Transcribe the data verbatim and drop its images.

=== Raw data ===
[Start of section]
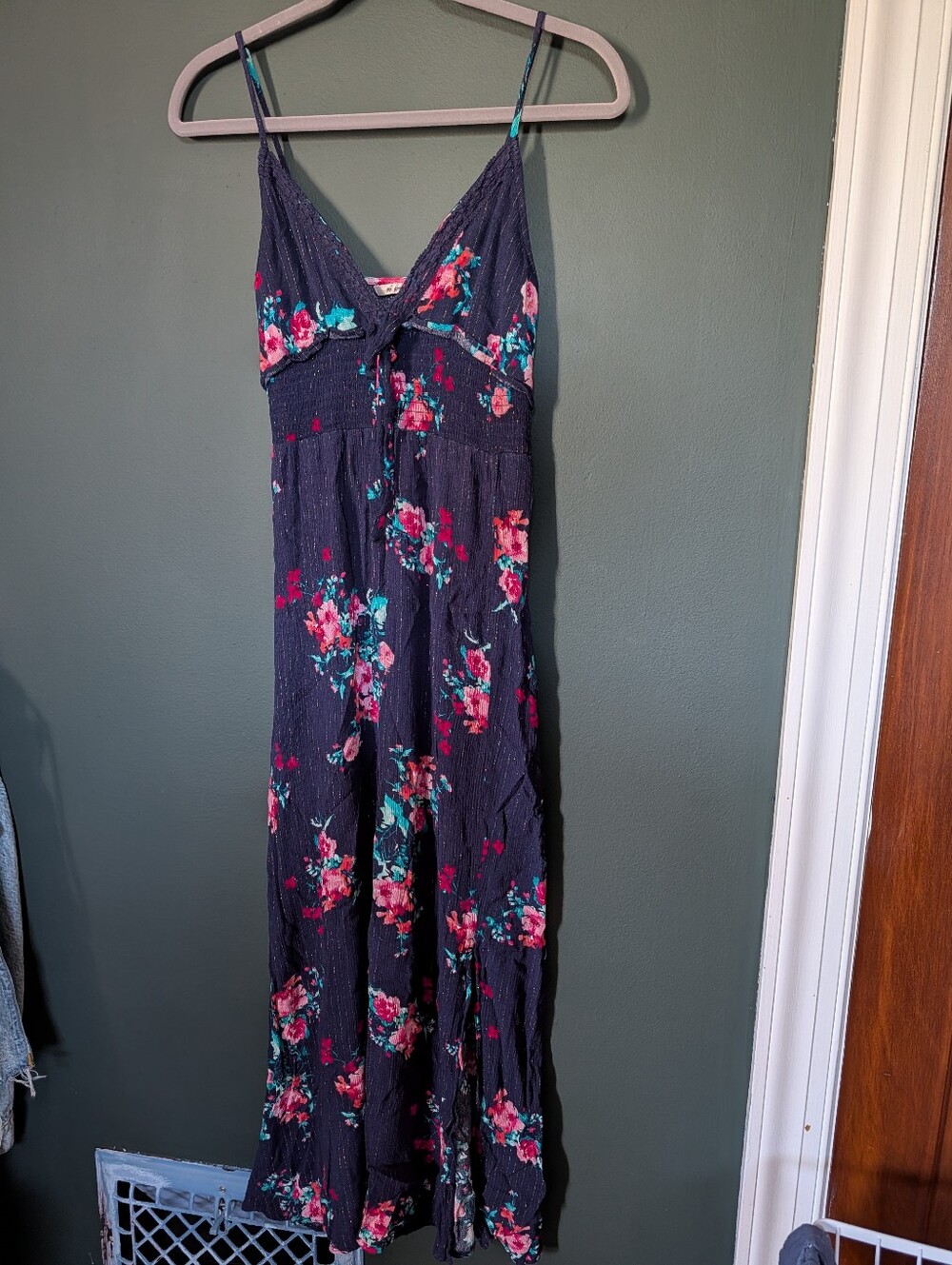 Francesca's Collections Mi Ami Navy Floral Dress With Gold Thread 0058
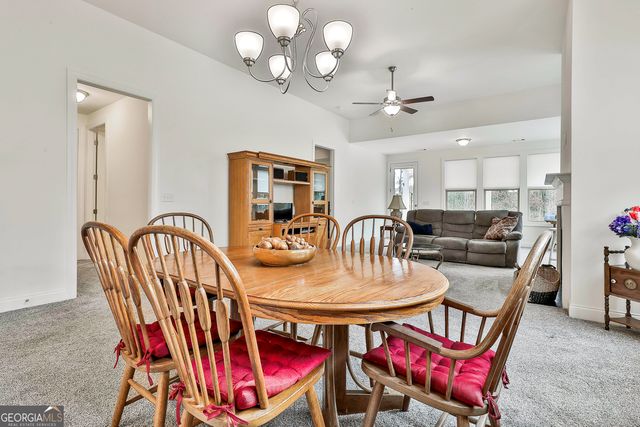 541 Hazelnut Drive, Peachtree City, GA 30269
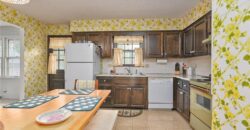 5816 Whispering Oaks Lane, Kansas City, MO 64152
[End of section]
=== Output for this task ===
 Francesca's Collections Mi Ami Navy Floral Dress With Gold Thread 0058
 541 Hazelnut Drive, Peachtree City, GA 30269
 5816 Whispering Oaks Lane, Kansas City, MO 64152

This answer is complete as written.